Problem requirements =>
Below are lines of data, and only some are wanted. Please repeat exactly those from the line that has "ZAVEKIA Acrylic Brochure" through the line that has "Black PU Adjustable Swivel Desk Chair".

(Saved data entries)

□ □ □ □ □ □ □

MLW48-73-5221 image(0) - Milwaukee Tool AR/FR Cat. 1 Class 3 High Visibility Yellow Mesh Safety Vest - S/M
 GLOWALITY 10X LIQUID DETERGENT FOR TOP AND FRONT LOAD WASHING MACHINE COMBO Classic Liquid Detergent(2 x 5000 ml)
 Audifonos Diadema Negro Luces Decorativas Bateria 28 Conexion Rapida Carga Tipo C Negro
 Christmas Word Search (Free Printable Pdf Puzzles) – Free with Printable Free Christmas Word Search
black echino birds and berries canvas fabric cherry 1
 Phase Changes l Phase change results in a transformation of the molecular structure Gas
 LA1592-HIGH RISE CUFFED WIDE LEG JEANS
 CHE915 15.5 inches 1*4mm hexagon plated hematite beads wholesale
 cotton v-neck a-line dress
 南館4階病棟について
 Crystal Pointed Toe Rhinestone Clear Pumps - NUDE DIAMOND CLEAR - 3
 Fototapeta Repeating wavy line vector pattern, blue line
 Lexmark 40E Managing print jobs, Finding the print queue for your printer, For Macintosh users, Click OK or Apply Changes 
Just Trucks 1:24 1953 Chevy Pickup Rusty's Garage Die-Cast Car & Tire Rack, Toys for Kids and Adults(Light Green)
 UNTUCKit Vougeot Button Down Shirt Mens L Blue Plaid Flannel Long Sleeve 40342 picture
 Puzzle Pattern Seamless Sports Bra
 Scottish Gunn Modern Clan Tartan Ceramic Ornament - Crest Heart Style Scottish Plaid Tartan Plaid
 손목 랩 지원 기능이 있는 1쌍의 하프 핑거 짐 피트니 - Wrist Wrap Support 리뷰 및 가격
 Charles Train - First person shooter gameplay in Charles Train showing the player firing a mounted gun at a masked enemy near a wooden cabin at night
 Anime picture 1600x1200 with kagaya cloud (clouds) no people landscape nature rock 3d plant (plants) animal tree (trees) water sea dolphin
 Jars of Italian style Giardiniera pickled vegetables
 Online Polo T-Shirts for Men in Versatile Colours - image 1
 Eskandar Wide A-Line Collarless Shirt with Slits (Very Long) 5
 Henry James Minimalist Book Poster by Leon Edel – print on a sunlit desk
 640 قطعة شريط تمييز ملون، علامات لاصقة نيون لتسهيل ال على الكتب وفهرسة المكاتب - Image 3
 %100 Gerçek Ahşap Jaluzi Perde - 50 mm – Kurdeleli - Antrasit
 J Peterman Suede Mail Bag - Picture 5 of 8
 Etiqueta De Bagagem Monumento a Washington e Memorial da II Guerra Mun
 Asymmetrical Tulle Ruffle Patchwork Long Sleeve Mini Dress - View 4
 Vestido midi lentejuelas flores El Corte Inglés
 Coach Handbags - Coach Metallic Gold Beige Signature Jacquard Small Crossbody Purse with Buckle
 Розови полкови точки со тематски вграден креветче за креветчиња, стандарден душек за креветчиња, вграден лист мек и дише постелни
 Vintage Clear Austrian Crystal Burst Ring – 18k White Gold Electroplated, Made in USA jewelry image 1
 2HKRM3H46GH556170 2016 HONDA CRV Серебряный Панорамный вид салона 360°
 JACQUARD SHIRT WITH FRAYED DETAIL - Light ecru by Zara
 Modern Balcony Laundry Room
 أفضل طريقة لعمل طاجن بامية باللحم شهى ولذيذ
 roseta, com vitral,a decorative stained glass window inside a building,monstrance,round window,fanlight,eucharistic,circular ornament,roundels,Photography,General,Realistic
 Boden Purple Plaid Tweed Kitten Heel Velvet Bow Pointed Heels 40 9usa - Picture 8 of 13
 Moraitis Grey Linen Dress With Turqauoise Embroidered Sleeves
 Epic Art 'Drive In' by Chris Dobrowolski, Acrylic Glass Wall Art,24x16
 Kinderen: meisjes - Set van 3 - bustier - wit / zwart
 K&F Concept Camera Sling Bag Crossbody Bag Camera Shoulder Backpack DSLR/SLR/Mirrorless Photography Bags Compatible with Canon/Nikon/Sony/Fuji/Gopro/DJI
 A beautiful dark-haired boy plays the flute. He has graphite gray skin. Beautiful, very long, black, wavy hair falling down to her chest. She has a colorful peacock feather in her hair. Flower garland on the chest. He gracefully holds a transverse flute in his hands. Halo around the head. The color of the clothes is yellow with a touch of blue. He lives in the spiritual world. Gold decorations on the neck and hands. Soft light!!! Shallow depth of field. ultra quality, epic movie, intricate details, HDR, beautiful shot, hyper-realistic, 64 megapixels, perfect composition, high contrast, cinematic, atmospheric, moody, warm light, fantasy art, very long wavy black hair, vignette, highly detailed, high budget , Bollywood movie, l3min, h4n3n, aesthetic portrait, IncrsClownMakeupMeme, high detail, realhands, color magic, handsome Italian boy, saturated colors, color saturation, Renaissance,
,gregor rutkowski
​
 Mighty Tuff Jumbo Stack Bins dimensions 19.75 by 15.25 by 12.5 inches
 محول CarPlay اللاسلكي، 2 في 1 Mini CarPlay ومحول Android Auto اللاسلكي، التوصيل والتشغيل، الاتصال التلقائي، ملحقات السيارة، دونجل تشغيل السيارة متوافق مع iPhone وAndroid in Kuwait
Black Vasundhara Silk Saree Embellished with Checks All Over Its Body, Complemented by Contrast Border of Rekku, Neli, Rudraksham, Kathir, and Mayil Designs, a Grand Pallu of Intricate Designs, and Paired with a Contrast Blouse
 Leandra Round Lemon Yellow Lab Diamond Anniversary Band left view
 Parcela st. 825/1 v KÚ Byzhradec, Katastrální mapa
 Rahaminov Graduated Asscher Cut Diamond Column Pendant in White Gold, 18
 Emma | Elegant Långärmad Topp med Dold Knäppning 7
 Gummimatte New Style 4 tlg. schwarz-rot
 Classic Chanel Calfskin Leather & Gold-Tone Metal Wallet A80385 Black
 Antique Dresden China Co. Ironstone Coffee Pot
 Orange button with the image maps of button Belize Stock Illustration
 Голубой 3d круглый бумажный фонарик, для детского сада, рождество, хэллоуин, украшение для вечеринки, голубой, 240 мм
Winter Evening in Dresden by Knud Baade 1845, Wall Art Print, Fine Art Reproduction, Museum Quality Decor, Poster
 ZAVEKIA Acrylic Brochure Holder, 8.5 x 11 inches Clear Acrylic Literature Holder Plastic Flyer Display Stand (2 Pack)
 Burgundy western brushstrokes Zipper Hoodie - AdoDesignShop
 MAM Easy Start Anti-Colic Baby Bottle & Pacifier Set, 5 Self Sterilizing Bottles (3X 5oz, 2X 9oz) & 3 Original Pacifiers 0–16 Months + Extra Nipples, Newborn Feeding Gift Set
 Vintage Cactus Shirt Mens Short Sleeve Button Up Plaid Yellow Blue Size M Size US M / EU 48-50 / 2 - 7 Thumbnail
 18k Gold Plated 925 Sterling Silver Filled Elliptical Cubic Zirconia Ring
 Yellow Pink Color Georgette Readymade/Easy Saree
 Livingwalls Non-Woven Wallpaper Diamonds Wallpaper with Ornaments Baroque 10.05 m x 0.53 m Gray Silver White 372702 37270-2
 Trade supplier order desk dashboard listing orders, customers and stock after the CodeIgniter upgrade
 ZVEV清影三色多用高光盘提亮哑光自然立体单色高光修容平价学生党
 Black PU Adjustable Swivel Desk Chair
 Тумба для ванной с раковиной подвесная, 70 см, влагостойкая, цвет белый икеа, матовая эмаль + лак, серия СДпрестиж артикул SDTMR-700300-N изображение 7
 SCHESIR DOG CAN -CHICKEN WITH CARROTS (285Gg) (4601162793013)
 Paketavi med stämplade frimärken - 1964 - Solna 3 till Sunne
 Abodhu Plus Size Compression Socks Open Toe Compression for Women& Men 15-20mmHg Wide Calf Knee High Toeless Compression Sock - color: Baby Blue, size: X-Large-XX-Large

□ □ □ □ □ □ □

Task output =>
 ZAVEKIA Acrylic Brochure Holder, 8.5 x 11 inches Clear Acrylic Literature Holder Plastic Flyer Display Stand (2 Pack)
 Burgundy western brushstrokes Zipper Hoodie - AdoDesignShop
 MAM Easy Start Anti-Colic Baby Bottle & Pacifier Set, 5 Self Sterilizing Bottles (3X 5oz, 2X 9oz) & 3 Original Pacifiers 0–16 Months + Extra Nipples, Newborn Feeding Gift Set
 Vintage Cactus Shirt Mens Short Sleeve Button Up Plaid Yellow Blue Size M Size US M / EU 48-50 / 2 - 7 Thumbnail
 18k Gold Plated 925 Sterling Silver Filled Elliptical Cubic Zirconia Ring
 Yellow Pink Color Georgette Readymade/Easy Saree
 Livingwalls Non-Woven Wallpaper Diamonds Wallpaper with Ornaments Baroque 10.05 m x 0.53 m Gray Silver White 372702 37270-2
 Trade supplier order desk dashboard listing orders, customers and stock after the CodeIgniter upgrade
 ZVEV清影三色多用高光盘提亮哑光自然立体单色高光修容平价学生党
 Black PU Adjustable Swivel Desk Chair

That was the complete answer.